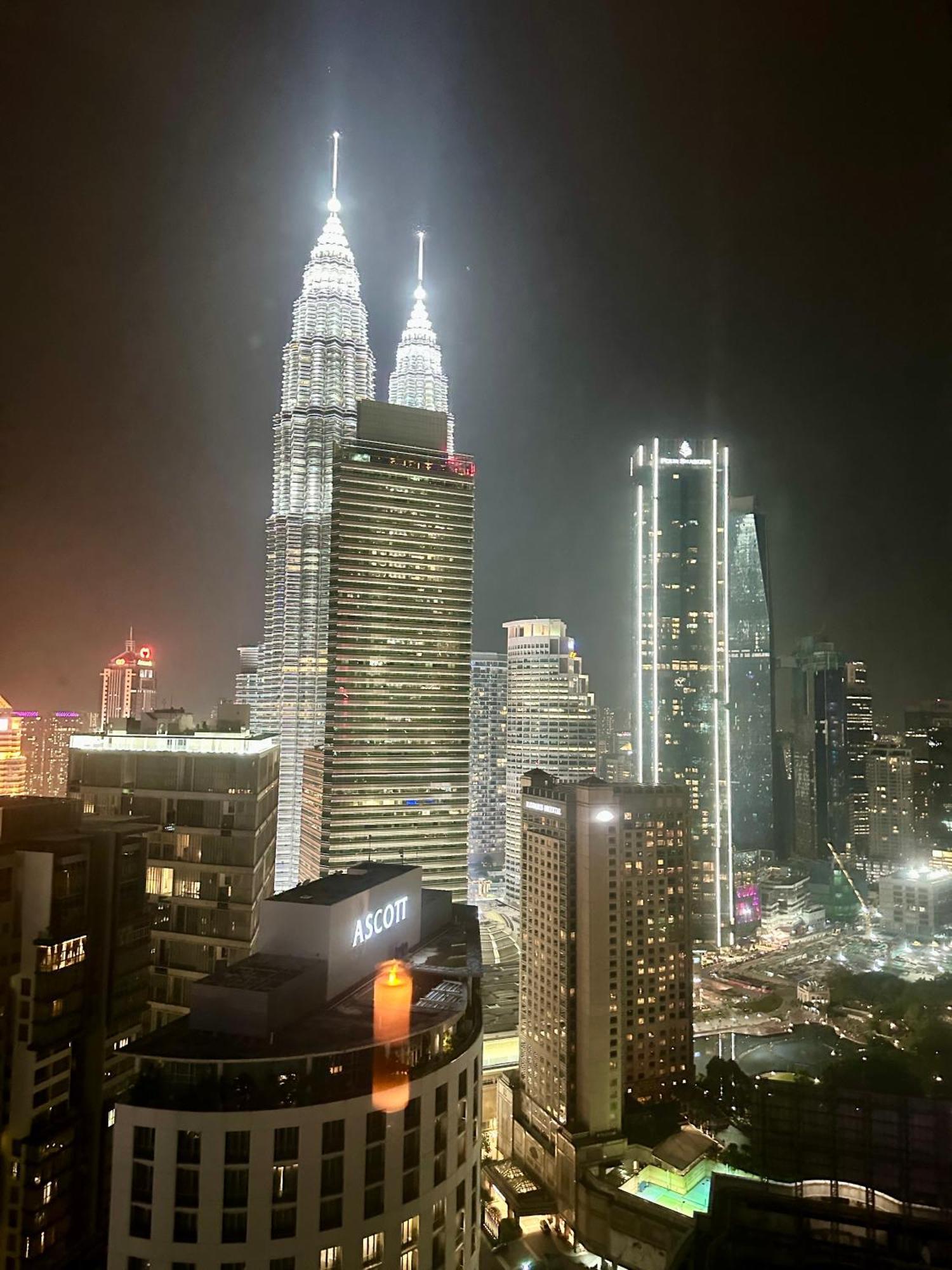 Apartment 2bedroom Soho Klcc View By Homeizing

---

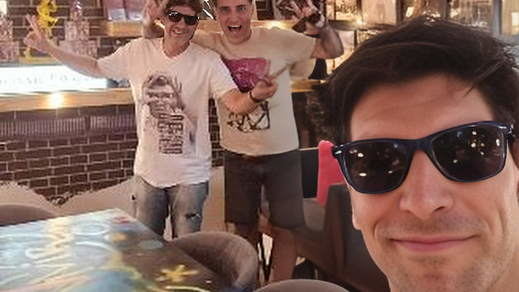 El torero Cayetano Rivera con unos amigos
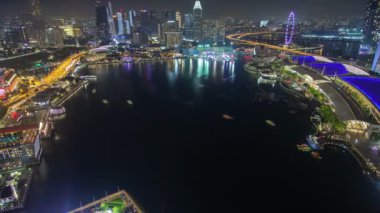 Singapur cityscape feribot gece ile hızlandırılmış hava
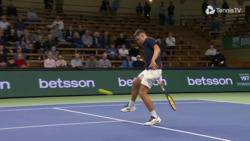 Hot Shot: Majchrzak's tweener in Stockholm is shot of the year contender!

• WORK ORDER: Your answer should be the exact lines above from the one containing "Singapur cityscape feribot" through the one containing "Hot Shot: Majchrzak's", with both end lines kept and the pictures removed, please.

• ANSWER BOX:
 Singapur cityscape feribot gece ile hızlandırılmış hava
 Hot Shot: Majchrzak's tweener in Stockholm is shot of the year contender!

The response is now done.